The market has taken a hammering. If you’ve been hanging around crypto for a while, you already know the score: these are the times when strong stomachs are tested, and huge opportunities are on offer.
This is why we decided to check in with Hustle, to find out how current market conditions might affect crypto gaming (and what opportunities it might provide).
As usual, he pulled through.
- Play-to-earn gaming is the ultimate market hedge
- Bear-trends attract massive inflows of users
- Users lead price action
- Fundamentals keep users (and communities!) active
Hustle tweeted the below this weekend. Let’s unpack it.
I know what AXS did last summer
Rewind to June 2022, when the market was reeling from a brutal correction.
In the midst of all that panic and uncertainty, something incredible happened: Axie Infinity (AXS) went on one of the most staggering runs in recent memory.
Nothing happens in a vacuum, and this insane rally (2,124%!) was no freak event. Crucially, AXS didn’t go parabolic in spite of, but rather as a result of, the bearish market conditions.
Gamers don’t care about Bitcoin
Hard as it might be to believe, gamers don’t care about whether Bitcoin is above or below the 200-day moving average. They certainly don’t care whether FTM has flipped Solana in TVL. They’re here to game, irrespective of market conditions. And many of them are doing it to pay the bills.
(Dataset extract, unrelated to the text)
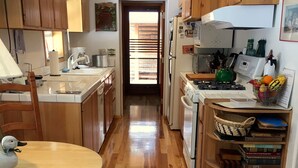 Een keuken met houten kastjes, een fornuis, een spoelbak en een eethoek met een tafel en stoelen. Er is een raam met jaloezieën, een hangklok en een klein plankje met boeken en een mand.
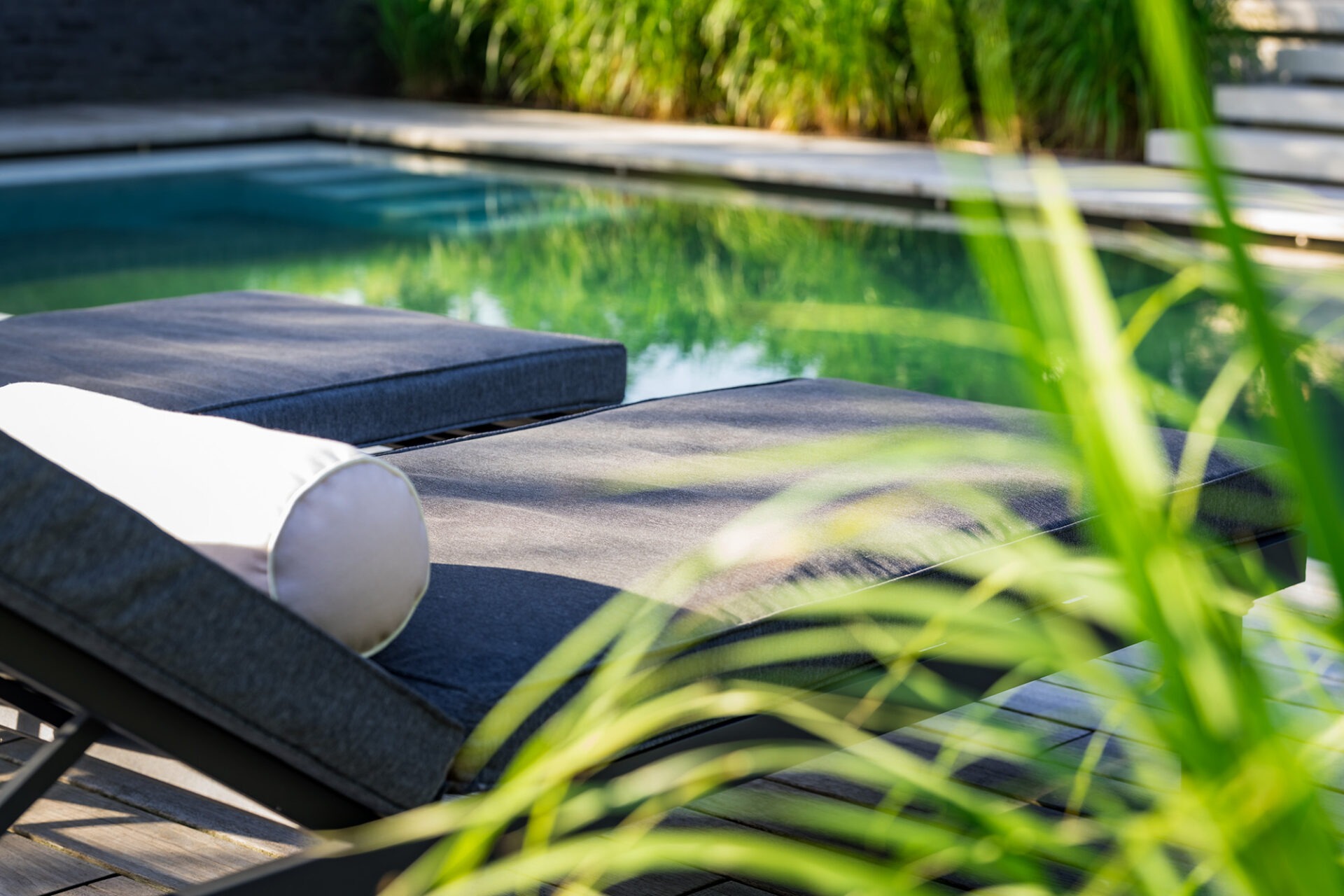 Luxe ligbedden op een houten vlonder naast helder water van een living pool, omringd door siergrassen.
That’s the beauty of blockchain-based gaming: at its best, it empowers players (through innovative play-to-earn economies) to monetize their activity, regardless of any factors outside their control.
How Axie bucked the market trend, and why the price exploded
Just check out this historical activity chart for Axie Infinity.
The number of users began a parabolic ascent around June 2021, while the rest of the market was in the midst of disaster.
Coincidence? Quite the opposite. It’s precisely because play-to-earn gaming is the least risky way to stack your favorite gaming currency that players increase their activity when the market is down. Think of it as a pivot away from nightmarish market conditions, into an economy that functions with or without Bitcoin!
Here’s the cool thing: If we compare the price of AXS with the game’s growth in users, we see that the charts align almost perfectly – right until the most recent market dump. Here’s a side by side comparison.
You know what’s even cooler? The user growth (orange line) has begun moving up again, just as the market is trending down!
Next Axie on the horizon?
So, that’s the thesis: A downtrending market invites an uptick in user activity. But what can we do with this information?
First, let’s see if the pattern is repeating elsewhere. After all, there’s a difference between an isolated example and an emerging pattern; multiple data points signify a trend.
Hustle points to another game following suit: Play-to-earn horse racing platform Pegaxy (PGX) is following an almost identical trend to Axie Infinity.
PGX up 47% on the week, while the rest of the market is dumping. And again, notice the uncanny similarity between the growth of users and positive price action. The charts line up too well!
We talk about relative strength, but certain play-to-earn projects will have brute strength against the rest of the market when it reverses to the upside. And the fruits of their rewards will be even sweeter!
Data doesn’t lie: how to spot the next big thing
Remember, price is a lagging indicator – it follows the user count. If you’re looking to find those play-to-earn projects likely to thrive in a bear trend, see where the players are flowing. Then ask if the price is reacting. At that point, your job is to figure out why.
Pegaxy isn’t attracting such numbers for no reason: it’s all backed by rock-solid fundamentals. The game has taken some of Axie Infinity’s best features – breeding, renting, as well as two-token economics (PGX/VIS vs AXS/SLP) – and developed them even further. It has what many consider to be the best built-in rental system in the space, a thriving scholarship system, and a wide array of possible income streams for players: Users can rent out horses, scholars can race them (for free), and both parties can benefit from the rewards.
Learn the fundamentals
It’s all well and good listening to Hustle, but your best bet is always to play the game, and become familiar with the product itself. Once you understand how to make money in the game, you can make a genuinely informed decision: do you want to invest in the coin?
Would you be better off playing the game and stacking up in-game assets (from which you can earn actively or passively?). Maybe both?
The point is, you need to understand how these things work before you can assess whether or not they’re likely to fly.
The market is dumping, retail traders are being driven out, and 99% of tokens are plummeting. Meanwhile, some play-to-earn projects are following in Axie’s footsteps, seeing a huge uptick in user activity against the overall market sentiment. History doesn’t always repeat itself, but it does tend to rhyme, and bear trends are setting the stage for the play-to-earn to shine. Great fundamentals will attract huge numbers of users, and price tends to map user activity. The data doesn’t lie.